Records for the task section start
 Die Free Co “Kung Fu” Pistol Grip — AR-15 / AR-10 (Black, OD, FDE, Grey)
Records for the task section end
Records for the task section start
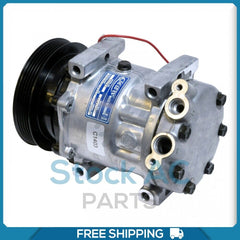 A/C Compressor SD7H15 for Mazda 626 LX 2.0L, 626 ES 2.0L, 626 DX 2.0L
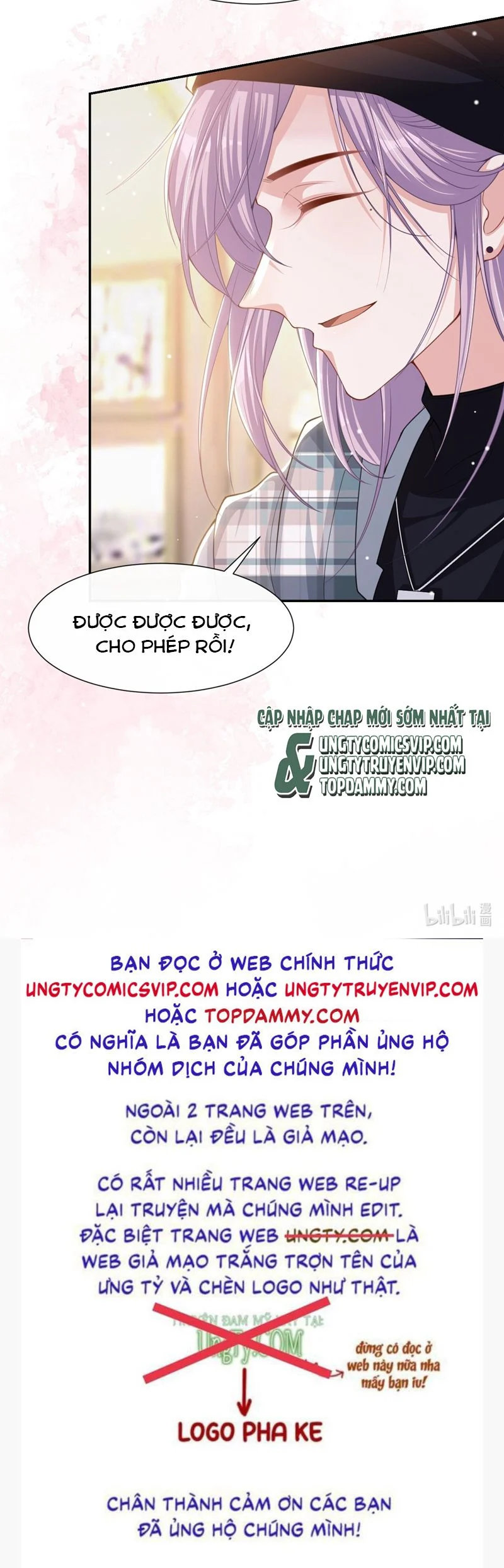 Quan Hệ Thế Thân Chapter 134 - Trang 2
Records for the task section end
Records for the task section start
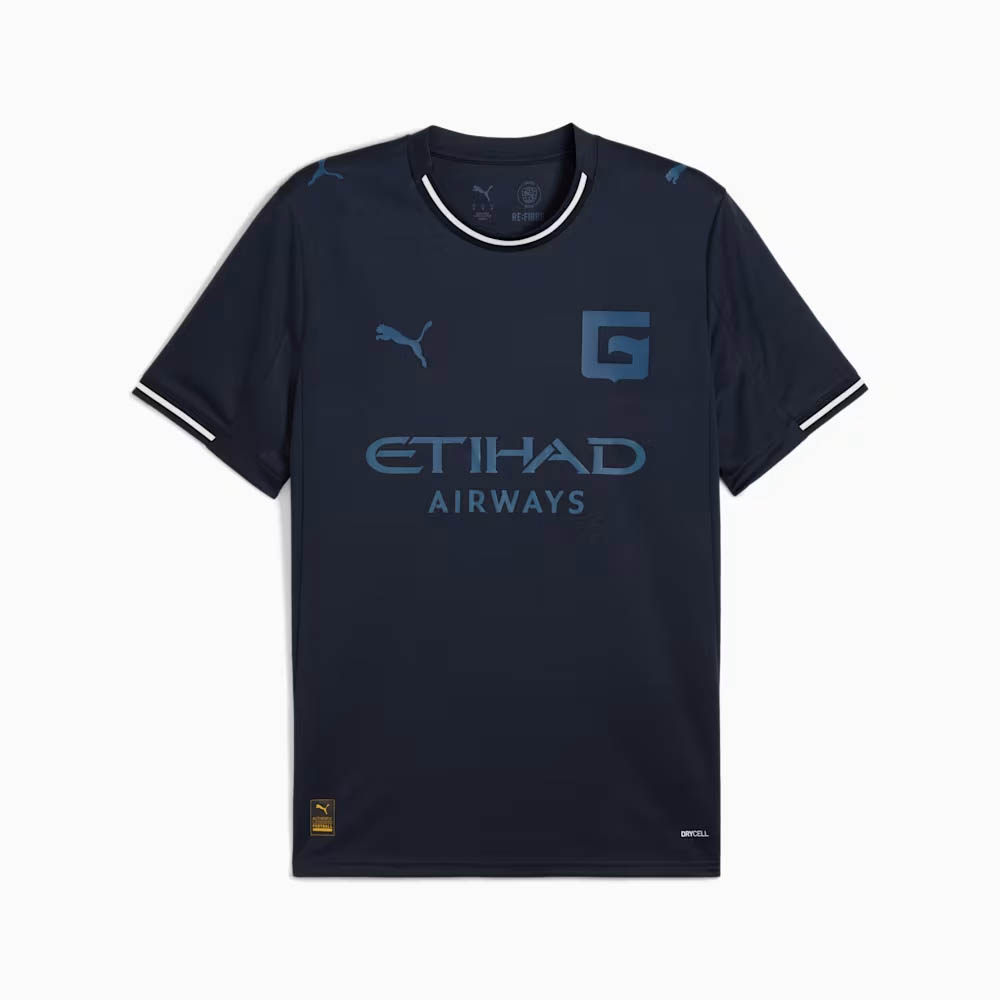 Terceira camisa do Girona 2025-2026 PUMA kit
Records for the task section end
Instructions for the task:
For this exercise, return exactly the lines above from the line with "A/C Compressor SD7H15" through the line with "Quan Hệ Thế Thân Chapter 134 - Trang 2", both included. Do not copy the pictures.

Reply to the exercise:
 A/C Compressor SD7H15 for Mazda 626 LX 2.0L, 626 ES 2.0L, 626 DX 2.0L
 Quan Hệ Thế Thân Chapter 134 - Trang 2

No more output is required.